Pour ceux qui étudient en dehors de Cisjordanie, les difficultés existent aussi : pour les Palestiniens qui vivent en Israël, certaines filières sont interdites, et les autres sont enseignées en Hébreu. Pour les diplômes, ceux qui partent étudier à l’étranger ne sont pas reconnus à leur retour.

Quelle est la position des personnels enseignants face à cette situation ?

Les enseignants sont aussi victimes de la répression, et ils ont peu de marge de manœuvre. L’administration a un pouvoir important sur eux, ils peuvent se faire licencier très facilement. Il y a souvent des grèves sur les conditions de travail, leur soutien aux luttes étudiantes est plutôt symbolique. Ils essaient de nous aider en période d’examen par exemple, lorsque l’armée nous retient au check points. Si on ne se présente pas à l’examen, on est obligé de le repasser l’année suivante alors on essaie de trouver un arrangement avec l’enseignant, mais ce n’est pas toujours possible.


Vu le contrôle exercé sur les contenus et les difficultés rencontrées, existe-t-il des alternatives éducatives en Palestine ?

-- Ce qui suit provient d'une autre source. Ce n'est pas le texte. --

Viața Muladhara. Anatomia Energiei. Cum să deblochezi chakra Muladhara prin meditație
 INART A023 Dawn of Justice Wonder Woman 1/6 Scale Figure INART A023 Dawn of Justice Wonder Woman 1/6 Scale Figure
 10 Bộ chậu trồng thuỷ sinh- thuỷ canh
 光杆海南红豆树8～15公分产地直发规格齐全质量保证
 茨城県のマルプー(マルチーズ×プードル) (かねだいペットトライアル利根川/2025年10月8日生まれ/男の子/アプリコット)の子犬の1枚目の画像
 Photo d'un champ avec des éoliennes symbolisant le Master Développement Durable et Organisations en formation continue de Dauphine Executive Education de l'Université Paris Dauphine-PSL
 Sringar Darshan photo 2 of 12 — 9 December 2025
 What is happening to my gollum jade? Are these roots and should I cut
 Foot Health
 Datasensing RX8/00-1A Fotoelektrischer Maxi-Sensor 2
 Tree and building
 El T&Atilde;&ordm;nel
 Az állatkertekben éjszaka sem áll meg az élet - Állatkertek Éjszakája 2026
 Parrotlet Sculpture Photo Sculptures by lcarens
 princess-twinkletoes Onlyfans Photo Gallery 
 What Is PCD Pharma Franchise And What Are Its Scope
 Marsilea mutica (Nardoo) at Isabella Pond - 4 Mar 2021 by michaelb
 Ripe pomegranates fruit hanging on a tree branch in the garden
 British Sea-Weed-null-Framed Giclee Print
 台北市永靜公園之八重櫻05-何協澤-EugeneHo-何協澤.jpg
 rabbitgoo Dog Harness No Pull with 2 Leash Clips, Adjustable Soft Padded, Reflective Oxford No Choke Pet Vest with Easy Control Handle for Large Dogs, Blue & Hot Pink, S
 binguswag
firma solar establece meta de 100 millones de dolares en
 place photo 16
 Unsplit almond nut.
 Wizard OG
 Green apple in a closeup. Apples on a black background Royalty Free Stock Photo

Il n’y a pas de système éducatif alternatif, cependant il y a beaucoup de choses qui sont faites dans les centres sociaux par des profs ou des étudiants issus des camps : cours du soir, aide aux devoirs, activités diverses... Ici ce sont les comités populaires qui contrôlent, l’autorité palestinienne n’a pas de pouvoir. Avec la diminution de la présence internationale (dispensaire, école...), il a bien fallu que les habitants des camps s’organisent. Chaque année un comité populaire (issu d’un parti) est élu et gère la vie sociale du camp : ainsi tout le monde travaille ensemble.